I want to start off with a question that I wish I had asked — “Is there anything that you wanted to include in Blood in the Water that you weren’t able to, for whatever reason? Why?”
I wondered about that question after I left Literati. For some reason, the idea stuck with me — although Dr. Thompson had produced over 700 pages of cited work on the events at Attica in 1971, there had to be some material that she wasn’t able to keep in the final cut. I’ve struggled in the past with knowing what to keep in a piece and what not to. Although I didn’t get a chance to ask about that part of her process, she did indirectly answer it when she discussed balancing tone in her piece.
Dr. Thompson spoke at length of how to deal with communicating trauma. On one hand, too much gore and violence can desensitize a reader to the horror, or could repel a reader. On the other hand, the subject of the book is not rainbows and butterflies and needs to be understood and communicated as the horror it truly was. I appreciated her frankness on the topic, because I think it helped clarify something for me: writing successfully depends a great deal on balance and proportions. When stated so bluntly, the idea seems common sense. Of course an element of writing is balancing different textures. But as I gleaned from Dr. Thompson’s commentary, balancing is actually key to how a reader perceives a text. When deciding on what to keep and what to cut, as a writer I have to decide ultimately what I want a reader to conclude after reading the full thing.
Dr. Thompson’s work is really inspiring, and I’m hoping to read Blood in the Water as soon as I get the chance. It sounds a bit like the works of Erik Larson, who I’m a huge fan of (he wrote Devil in the White City, Dead Wake, and In the Garden of Beasts, to name a few of my favorite books of all time). I also feel inspired to actually try my hand at historical nonfiction — BiW took 13 years to write and it took a lot of digging into sources that weren’t readily available to just anyone, and I think it might be a really cool writing project to tackle some subject that would actually require research into the facts of history, some of which are buried deep.

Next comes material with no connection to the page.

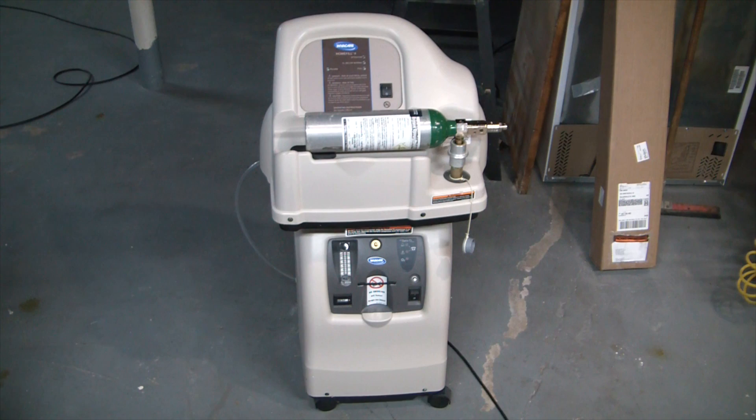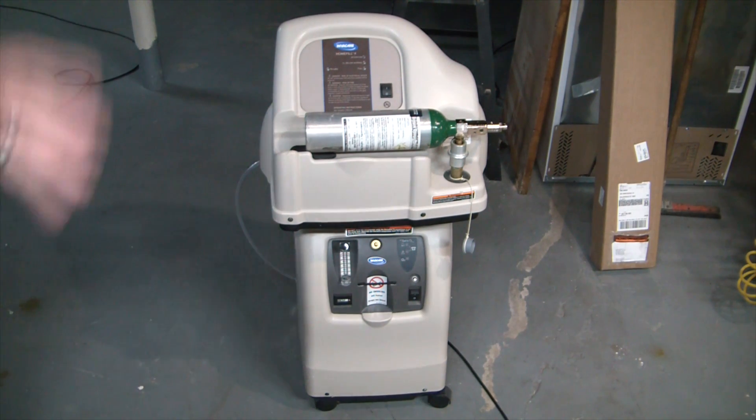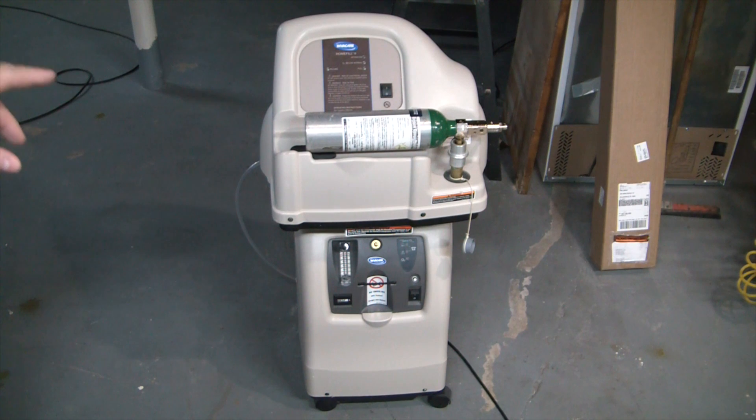I thought we'd tear into each of these and let you guys get a good look at the innards and how each works. I'm pretty sure I know how the bottom unit works — two molecular sieve beds. The top unit I'm very curious about, because it's a super compact unit able to fill a bottle to 2,000 psi. The only other compressors I've worked with in that range are scuba compressors, and those are much louder, bigger, and need a lot more cooling.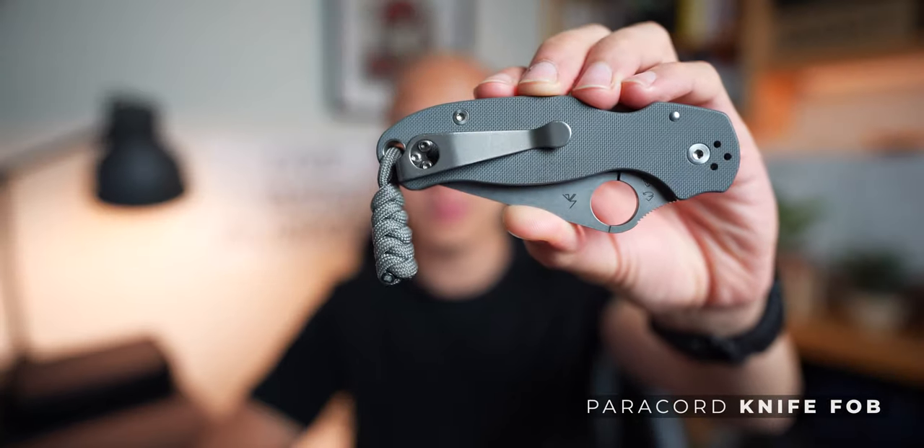The first way I use paracord in my kit is as a knife fob. Depending on the size of the knife and the size of your hand, you might not be able to get a full and complete grip on your knife at all times. Maybe the choil isn't big enough to choke down on, or the handle doesn't accommodate your pinky finger so it's dangling off. Adding a knife fob to the end gives your pinky something to hold on to so you don't lose control of your knife.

Finally, I wanted to comment on the event at Literati as a whole. I’ve never been a huge fan of talks or podcasts, but this was actually incredibly interesting to listen in on. Shoutout to Shelley, who created an incredibly warm atmosphere and asked engaging, pertinent questions. Although Dr. Thompson’s content was obviously fascinating, Shelley kept the conversation flow natural and relaxed. Literati itself is a great place to hold an event like this, since it’s relatively small and intimate (and it didn’t hurt that the lights were dimmed and it was snowing outside!). It was as though I were sitting in on a conversation by the fireside, silent but absolutely an active participant in listening.